Le retour des voix
À la faveur de sa présidence du Conseil de sécurité de l’ONU, la République Démocratique du Congo organise, ce 13 juillet à New York, une réunion de haut niveau sur les ressources naturelles et la paix. Une initiative portée par la ministre Thérèse Kayikwamba et inscrite dans la stratégie diplomatique de Félix Tshisekedi visant à repositionner le pays au centre des débats internationaux.

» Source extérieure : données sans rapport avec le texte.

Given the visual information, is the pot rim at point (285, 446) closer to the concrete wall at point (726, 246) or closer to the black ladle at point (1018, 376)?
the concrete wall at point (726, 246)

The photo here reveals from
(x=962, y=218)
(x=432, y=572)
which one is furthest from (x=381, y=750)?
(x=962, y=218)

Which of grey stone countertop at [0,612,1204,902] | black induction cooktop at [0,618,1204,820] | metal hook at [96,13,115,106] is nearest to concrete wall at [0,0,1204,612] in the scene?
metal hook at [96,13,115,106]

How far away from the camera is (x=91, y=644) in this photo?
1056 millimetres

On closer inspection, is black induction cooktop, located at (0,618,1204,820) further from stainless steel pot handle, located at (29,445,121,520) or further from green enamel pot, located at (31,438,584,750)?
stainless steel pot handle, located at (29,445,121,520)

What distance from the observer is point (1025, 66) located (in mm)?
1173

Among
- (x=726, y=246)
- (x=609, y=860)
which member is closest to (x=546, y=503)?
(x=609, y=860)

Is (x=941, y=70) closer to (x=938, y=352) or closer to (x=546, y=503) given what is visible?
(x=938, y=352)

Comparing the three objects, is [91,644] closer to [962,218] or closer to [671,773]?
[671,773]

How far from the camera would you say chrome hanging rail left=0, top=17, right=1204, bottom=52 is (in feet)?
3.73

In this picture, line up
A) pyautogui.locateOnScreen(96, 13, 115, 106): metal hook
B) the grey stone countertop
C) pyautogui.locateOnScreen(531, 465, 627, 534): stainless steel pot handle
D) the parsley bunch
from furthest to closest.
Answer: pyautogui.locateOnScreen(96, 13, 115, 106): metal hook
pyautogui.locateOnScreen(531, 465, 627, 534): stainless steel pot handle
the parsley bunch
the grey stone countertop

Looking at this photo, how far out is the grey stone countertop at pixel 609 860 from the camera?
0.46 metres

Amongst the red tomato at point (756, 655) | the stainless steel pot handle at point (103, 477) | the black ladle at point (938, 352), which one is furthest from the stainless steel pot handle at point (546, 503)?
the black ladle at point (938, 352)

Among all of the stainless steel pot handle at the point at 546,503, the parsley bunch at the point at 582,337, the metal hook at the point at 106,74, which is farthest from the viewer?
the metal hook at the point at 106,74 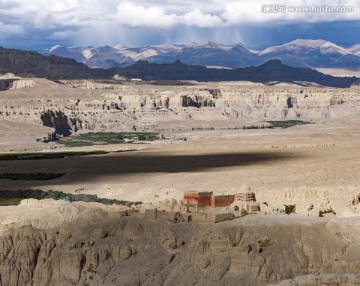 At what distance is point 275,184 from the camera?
2547 inches

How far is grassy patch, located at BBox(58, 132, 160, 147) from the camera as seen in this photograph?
14225 centimetres

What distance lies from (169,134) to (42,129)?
74.5ft

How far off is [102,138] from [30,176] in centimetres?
6856

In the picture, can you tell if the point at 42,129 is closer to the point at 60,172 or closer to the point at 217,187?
the point at 60,172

La diplomatie RDC entre dans une nouvelle séquence. Longtemps réduite à l’image d’un pays de crises, Kinshasa tente désormais de transformer son histoire douloureuse en force de proposition. Sous la formule « Arria », la rencontre vise à promouvoir « un cadre international plus cohérent pour faire des ressources naturelles un levier de paix, de sécurité et de développement durable, plutôt qu’une source de conflits ».
Les minerais, ce sang de la terre
L’enjeu dépasse le cérémonial onusien. Derrière les discours apparaît une bataille géopolitique. La RDC, détentrice d’immenses réserves stratégiques, veut replacer la question de l’exploitation des minerais au cœur de la sécurité mondiale.

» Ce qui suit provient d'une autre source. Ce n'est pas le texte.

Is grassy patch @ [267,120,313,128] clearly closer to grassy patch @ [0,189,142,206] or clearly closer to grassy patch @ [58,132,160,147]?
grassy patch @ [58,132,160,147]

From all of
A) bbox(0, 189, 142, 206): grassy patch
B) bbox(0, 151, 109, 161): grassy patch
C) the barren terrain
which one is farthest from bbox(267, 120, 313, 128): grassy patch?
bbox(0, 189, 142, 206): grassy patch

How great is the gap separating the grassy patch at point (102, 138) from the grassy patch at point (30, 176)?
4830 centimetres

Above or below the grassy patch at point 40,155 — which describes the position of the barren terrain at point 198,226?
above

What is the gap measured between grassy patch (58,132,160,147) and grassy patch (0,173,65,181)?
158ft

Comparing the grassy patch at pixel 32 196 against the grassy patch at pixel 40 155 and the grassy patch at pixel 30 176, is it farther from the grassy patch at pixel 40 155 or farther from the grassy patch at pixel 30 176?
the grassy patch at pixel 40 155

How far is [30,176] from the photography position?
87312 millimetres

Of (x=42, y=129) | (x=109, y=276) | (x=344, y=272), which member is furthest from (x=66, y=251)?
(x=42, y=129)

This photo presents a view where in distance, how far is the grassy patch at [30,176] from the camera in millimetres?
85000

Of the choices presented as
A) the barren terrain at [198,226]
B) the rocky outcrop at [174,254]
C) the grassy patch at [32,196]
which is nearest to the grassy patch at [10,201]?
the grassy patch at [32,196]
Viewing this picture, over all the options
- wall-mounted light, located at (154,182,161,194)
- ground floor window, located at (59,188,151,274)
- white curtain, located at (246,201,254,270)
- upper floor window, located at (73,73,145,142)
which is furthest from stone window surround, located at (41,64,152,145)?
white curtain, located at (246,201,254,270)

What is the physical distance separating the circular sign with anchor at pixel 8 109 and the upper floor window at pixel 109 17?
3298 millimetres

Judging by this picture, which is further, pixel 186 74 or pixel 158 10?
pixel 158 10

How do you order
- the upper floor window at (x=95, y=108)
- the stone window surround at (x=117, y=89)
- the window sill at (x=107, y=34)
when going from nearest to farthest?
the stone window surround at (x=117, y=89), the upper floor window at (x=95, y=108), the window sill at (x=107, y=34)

« Les ressources ne sont pas une malédiction ; elles deviennent une malédiction lorsqu’elles sont mal gouvernées », écrivait l’économiste Jeffrey Sachs. Cette réflexion trouve une résonance particulière dans l’Est congolais, où les minerais ont souvent alimenté les violences.

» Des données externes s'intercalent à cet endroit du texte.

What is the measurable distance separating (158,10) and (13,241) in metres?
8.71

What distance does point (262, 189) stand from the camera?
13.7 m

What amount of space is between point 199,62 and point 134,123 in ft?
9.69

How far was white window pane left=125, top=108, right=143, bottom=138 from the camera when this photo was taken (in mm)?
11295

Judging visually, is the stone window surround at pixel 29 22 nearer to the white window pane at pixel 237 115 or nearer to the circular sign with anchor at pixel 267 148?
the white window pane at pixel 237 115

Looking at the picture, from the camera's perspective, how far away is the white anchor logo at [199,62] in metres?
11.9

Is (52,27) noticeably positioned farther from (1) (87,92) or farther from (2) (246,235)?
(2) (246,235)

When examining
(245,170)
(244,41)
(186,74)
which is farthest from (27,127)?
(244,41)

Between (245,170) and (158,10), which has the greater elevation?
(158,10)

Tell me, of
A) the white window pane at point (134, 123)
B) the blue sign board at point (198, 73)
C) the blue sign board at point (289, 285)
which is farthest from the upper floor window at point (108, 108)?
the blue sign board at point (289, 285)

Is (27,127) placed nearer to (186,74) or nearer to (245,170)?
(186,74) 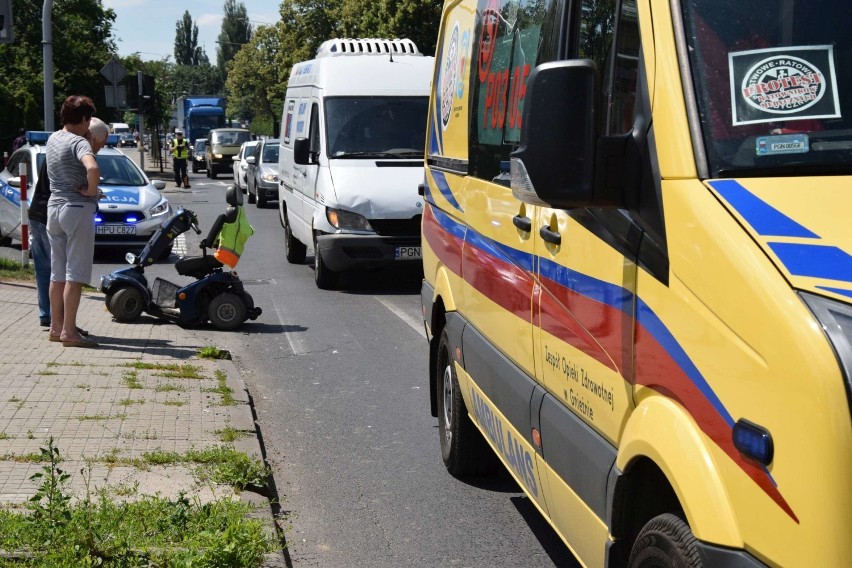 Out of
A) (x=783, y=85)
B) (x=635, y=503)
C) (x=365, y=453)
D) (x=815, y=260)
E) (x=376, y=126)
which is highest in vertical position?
(x=376, y=126)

Kinshasa au centre du concert des nations
Le président Félix Tshisekedi est attendu le 22 juillet pour une réunion majeure. Pour les autorités, cette présidence tournante constitue le symbole d’un retour diplomatique.
« Le pouvoir consiste à faire en sorte que les autres veuillent ce que vous voulez », observait Joseph Nye. À travers cette séquence, Kinshasa cherche précisément à imposer son récit : celui d’un État qui refuse d’être seulement un sujet de préoccupation internationale et aspire à devenir un acteur d’influence.
Cette offensive diplomatique ouvre une perspective nouvelle. Le Congo veut désormais parler au monde, mais surtout être entendu. Car, comme l’écrivait Albert Camus, « mal nommer les choses, c’est ajouter au malheur du monde ». En rebaptisant ses ressources comme instruments de paix, la RDC tente aussi de réécrire son destin.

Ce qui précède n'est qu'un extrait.